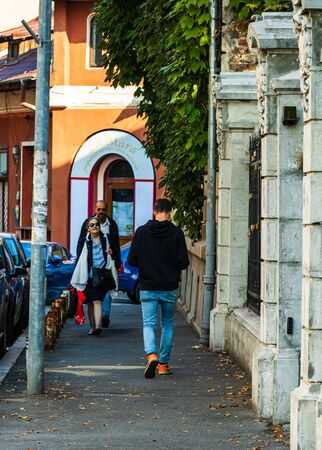 Young man walking on the sidewalk in Bucharest, Romania, 2019のeditorial素材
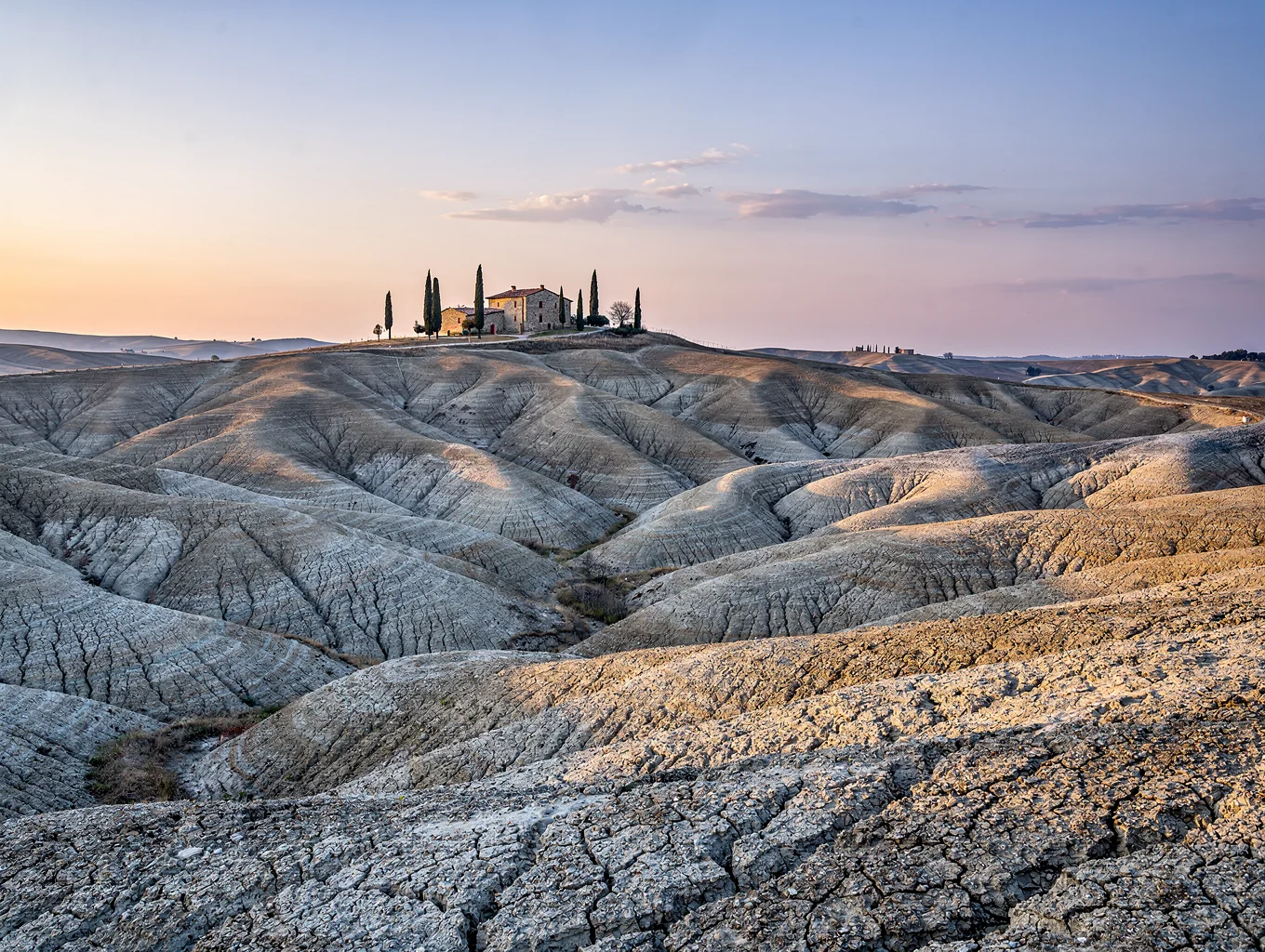 Otherworldly Crete Senesi clay hills with lunar-like badlands and cypress-dotted farmhouses near Siena, Tuscany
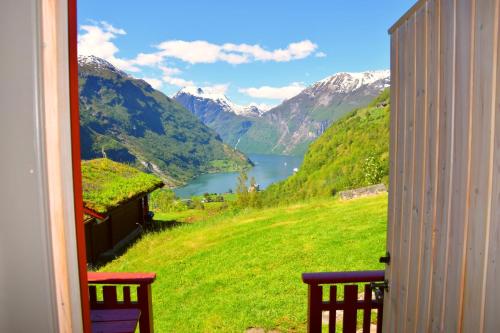 a view of a mountain lake from a window at Hole Hytter in Geiranger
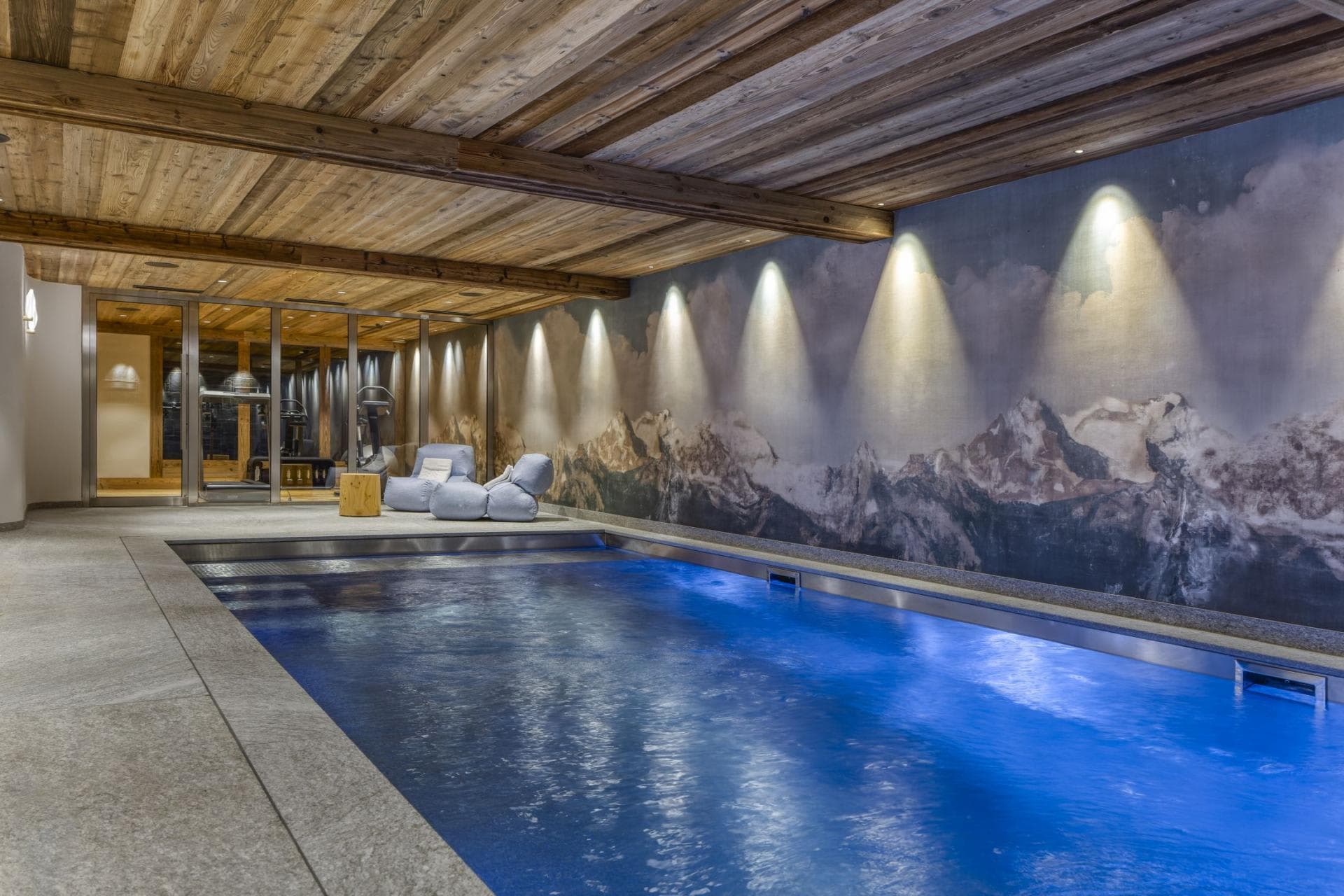 Indoor pool with integrated lighting and adjacent glass-walled gym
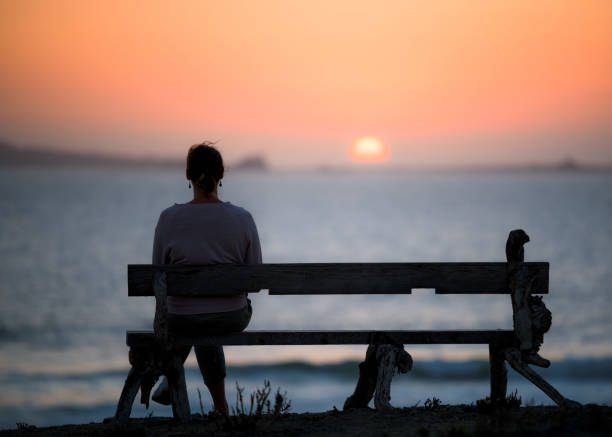 istock girl looking at the sunset 1243572056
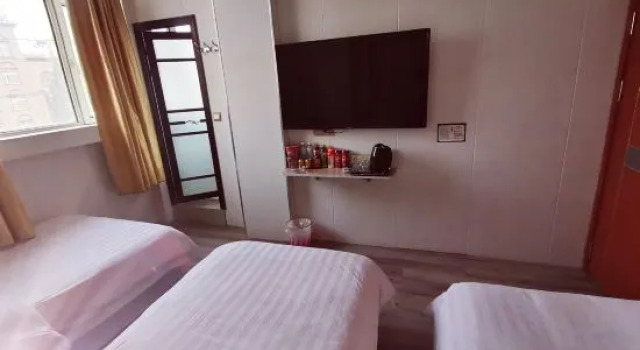 Кровать в общем номере Yecheng Jinsha Business Hotel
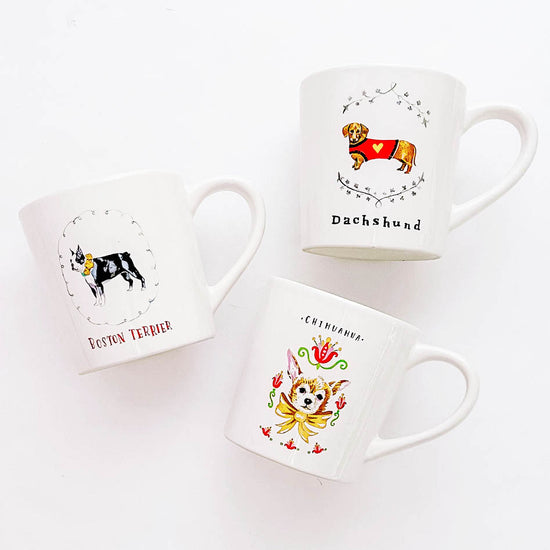 White ceramic mug with dog illustrations by Angela Staehling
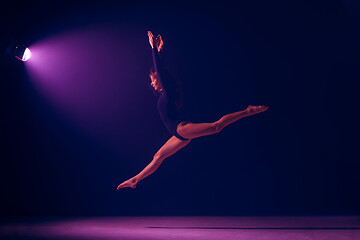 Image showing Young female ballet dancer on neon lights studio background.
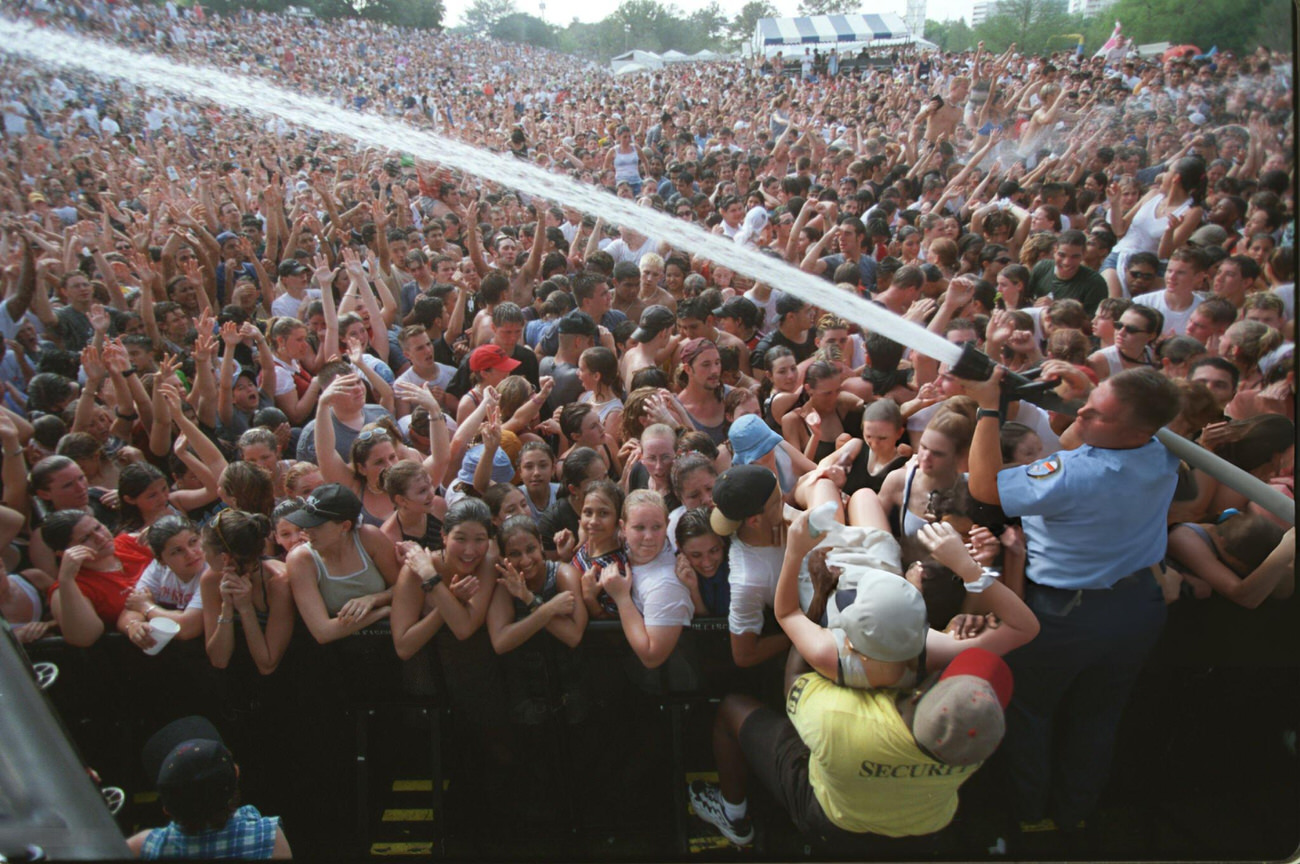 Firefighter cools down crowds at the Earth Day Festival in Buffalo Bayou Park, Houston, Texas, 1999.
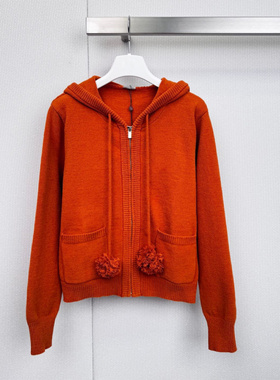 落日橙色双插袋设计长袖连帽毛衣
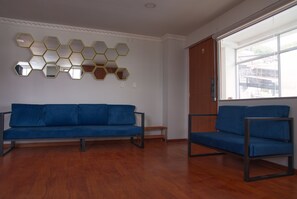 A room with a blue sofa, a smaller blue chair, and a wall with hexagonal mirrors.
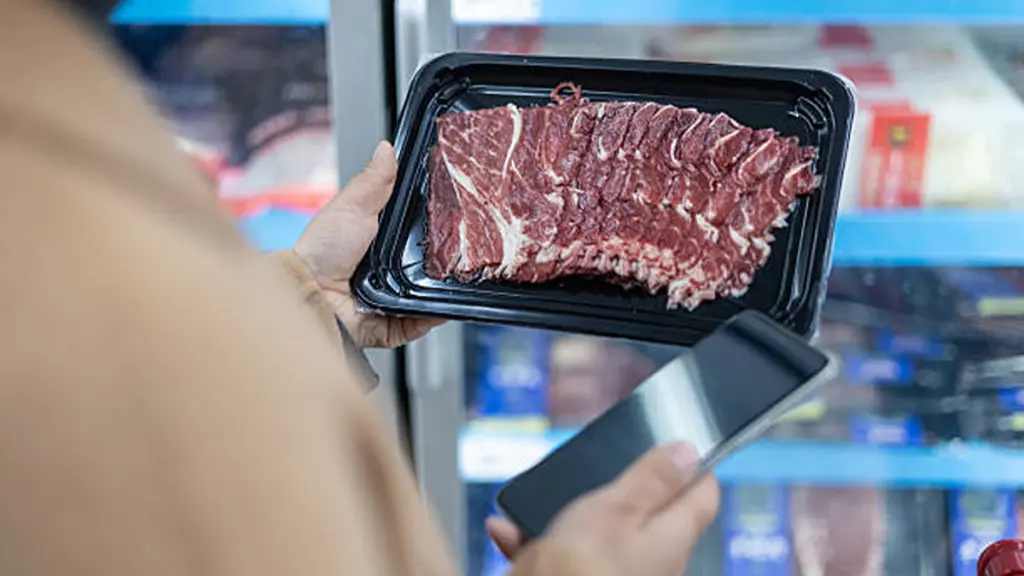 woman selects frozen food from the refrigerated display case in a supermarket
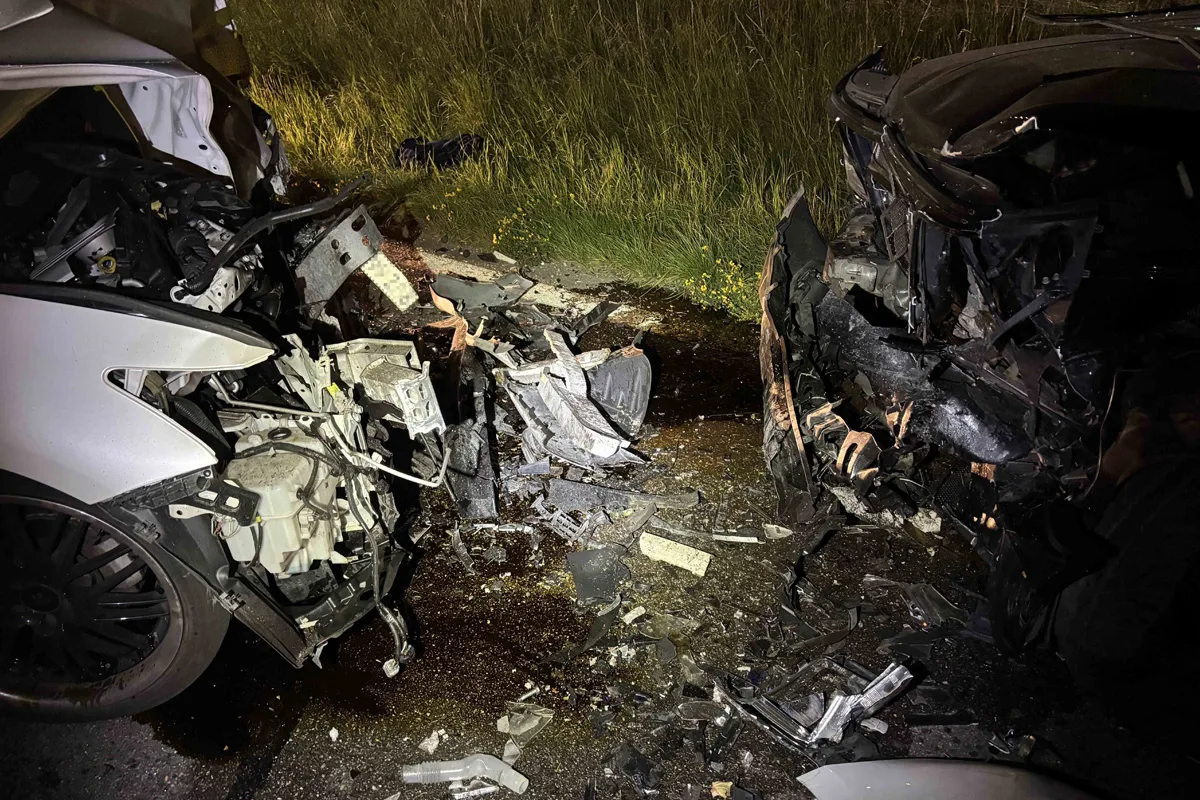 Ein schwerer Frontalzusammenstoß wird zwischen zwei Fahrzeugen gezeigt, die stark beschädigt sind. Trümmer liegen auf der Straße, umgeben von Grasflächen.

_____

■ EXERCISE OBJECTIVE ■
Write out each entry exactly; any pictures stay out of the copy.

■ REPLY ■
 Young man walking on the sidewalk in Bucharest, Romania, 2019のeditorial素材
 Otherworldly Crete Senesi clay hills with lunar-like badlands and cypress-dotted farmhouses near Siena, Tuscany
 a view of a mountain lake from a window at Hole Hytter in Geiranger
 Indoor pool with integrated lighting and adjacent glass-walled gym
 istock girl looking at the sunset 1243572056
 Кровать в общем номере Yecheng Jinsha Business Hotel
 White ceramic mug with dog illustrations by Angela Staehling
 Image showing Young female ballet dancer on neon lights studio background.
 Firefighter cools down crowds at the Earth Day Festival in Buffalo Bayou Park, Houston, Texas, 1999.
 落日橙色双插袋设计长袖连帽毛衣
 A room with a blue sofa, a smaller blue chair, and a wall with hexagonal mirrors.
 woman selects frozen food from the refrigerated display case in a supermarket
 Ein schwerer Frontalzusammenstoß wird zwischen zwei Fahrzeugen gezeigt, die stark beschädigt sind. Trümmer liegen auf der Straße, umgeben von Grasflächen.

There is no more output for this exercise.